## Records from a data source
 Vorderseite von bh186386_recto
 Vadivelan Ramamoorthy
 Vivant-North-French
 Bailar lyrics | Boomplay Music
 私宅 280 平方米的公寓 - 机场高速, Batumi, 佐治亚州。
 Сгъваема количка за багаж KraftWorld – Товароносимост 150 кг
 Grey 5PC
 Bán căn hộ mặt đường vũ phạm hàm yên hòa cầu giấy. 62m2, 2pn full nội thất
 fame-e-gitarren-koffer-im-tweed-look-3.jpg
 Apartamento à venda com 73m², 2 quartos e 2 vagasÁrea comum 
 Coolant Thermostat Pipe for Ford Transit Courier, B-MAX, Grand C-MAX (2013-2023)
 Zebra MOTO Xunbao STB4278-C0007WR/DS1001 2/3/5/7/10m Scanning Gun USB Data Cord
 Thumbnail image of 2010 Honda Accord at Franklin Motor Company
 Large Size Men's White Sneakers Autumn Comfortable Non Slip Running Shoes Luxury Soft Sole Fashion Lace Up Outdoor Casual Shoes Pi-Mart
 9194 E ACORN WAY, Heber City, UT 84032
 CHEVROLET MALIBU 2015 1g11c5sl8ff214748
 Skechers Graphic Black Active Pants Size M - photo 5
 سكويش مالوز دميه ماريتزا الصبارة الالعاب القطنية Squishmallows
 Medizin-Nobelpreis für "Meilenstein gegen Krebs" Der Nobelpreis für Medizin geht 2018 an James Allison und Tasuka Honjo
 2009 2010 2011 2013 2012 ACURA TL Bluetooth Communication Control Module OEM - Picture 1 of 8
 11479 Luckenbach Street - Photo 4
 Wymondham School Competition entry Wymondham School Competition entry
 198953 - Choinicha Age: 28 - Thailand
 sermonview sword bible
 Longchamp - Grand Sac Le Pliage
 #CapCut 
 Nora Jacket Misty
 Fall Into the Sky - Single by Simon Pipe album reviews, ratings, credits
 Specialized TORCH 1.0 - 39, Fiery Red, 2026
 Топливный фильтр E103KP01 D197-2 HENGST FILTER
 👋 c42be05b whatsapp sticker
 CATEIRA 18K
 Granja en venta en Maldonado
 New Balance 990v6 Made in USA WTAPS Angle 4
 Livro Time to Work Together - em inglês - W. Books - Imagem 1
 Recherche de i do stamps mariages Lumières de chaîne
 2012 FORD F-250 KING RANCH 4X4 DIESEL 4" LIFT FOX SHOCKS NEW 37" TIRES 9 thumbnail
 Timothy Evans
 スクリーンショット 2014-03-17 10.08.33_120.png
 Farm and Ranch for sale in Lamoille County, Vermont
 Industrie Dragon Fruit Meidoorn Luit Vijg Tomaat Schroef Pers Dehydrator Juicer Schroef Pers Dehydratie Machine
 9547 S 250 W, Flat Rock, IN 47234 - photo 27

## Work instruction
Which of the lines above hold the string "Size"? Copy each one.

## Solution below
 Large Size Men's White Sneakers Autumn Comfortable Non Slip Running Shoes Luxury Soft Sole Fashion Lace Up Outdoor Casual Shoes Pi-Mart
 Skechers Graphic Black Active Pants Size M - photo 5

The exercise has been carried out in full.